Due to their small size and low levels of activity, the Japanese Chins may be prone to obesity. So, it is highly recommended to provide them with a high-quality diet that fits their needs and encourage them to exercise.
The Japanese Chins have a silky coat that is fairly easy to groom; it is long with a thick mane. The abundant coat requires weekly brushing to avoid mats and tangles and is simple to maintain. They don’t shed much either. Common colours are brindle, red and white, black and white, orange and sable.
The ears also require weekly attention due to their shape which makes it easy for moisture to be trapped in the ear canal and cause ear infections.
The Chins are very good with children. They are sweet and gentle and are very devoted to the younger members of the family. Their fragile frame makes them more suitable for homes with older children as any roughhousing may cause harm to the little breed.
Children of all ages need to be taught space and respect when it comes to animals. Any tail or ear pulling should be immediately discouraged. Each year, many dogs are being put down, surrendered to shelters and abandoned due to the adults not having reinforced or taught proper dog handling etiquette to the younger members of the family. Play time between dogs and children should be supervised by an adult at all times.
The breed is very good with dogs, cats and other companions. They get along with most critters and are mostly friendly and peaceful towards them, especially if they have been socialized properly or raised with them. The breed temperament depends largely on breeding, proper socialization, handler and training as well as the environment.
The Japanese Chins were bred to be a companion dogs. They love nothing better than lounging around with humans, cuddling and being pampered. It seems that the elegant breed still remembers their days at the Chinese and Japanese courts when they were in the centre of attention, adored by many and spoiled with tasty treats and devotion.

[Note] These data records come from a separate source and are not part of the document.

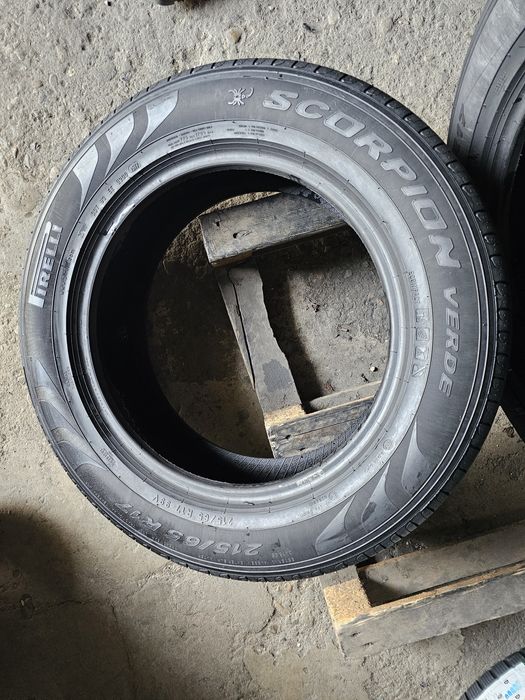 2 anvelope vara 215 65 17 Pirelli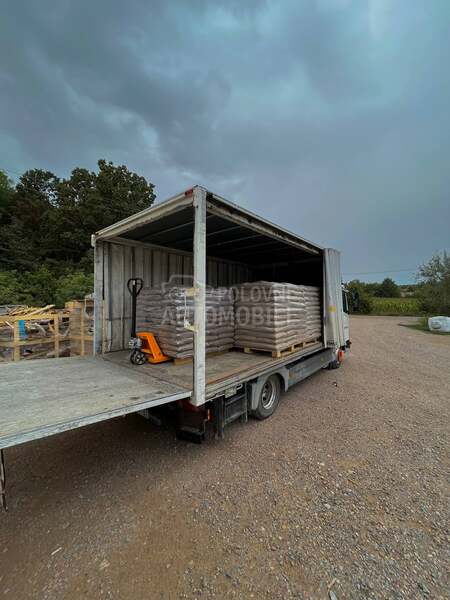 Mercedes Benz Atego 818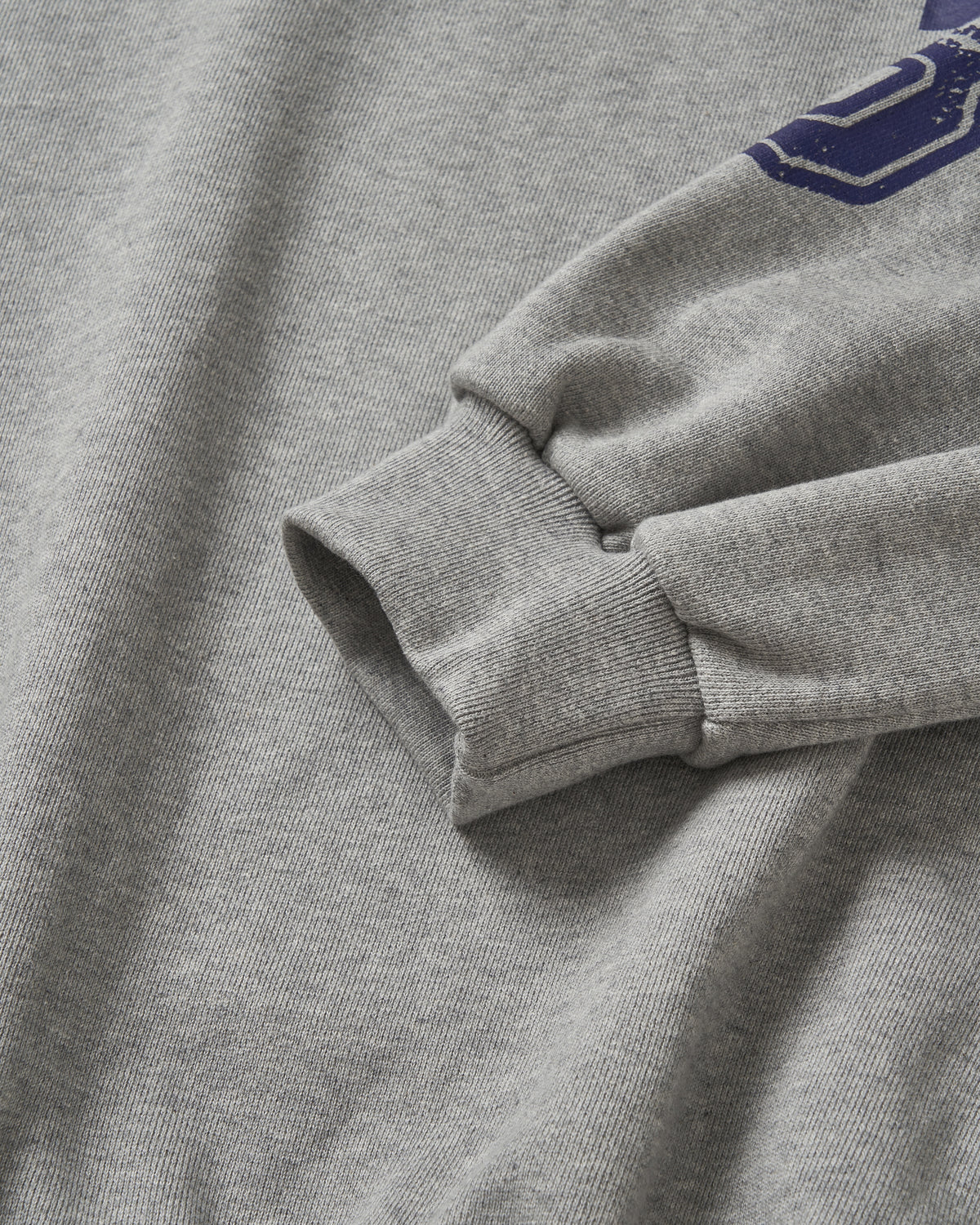 LR BASE SWEATSHIRT / GRAY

They are very sensitive and make great therapy dogs as well as a four legged friend to senior citizens and empty nesters. They require plenty of attention and companionship. The breed does well in apartments and gets along with people, children, dogs, cats and other critters.
If you are looking for a low maintenance companion that would like nothing more than to keep you company and entertain you with their cat antic, this is the breed for you.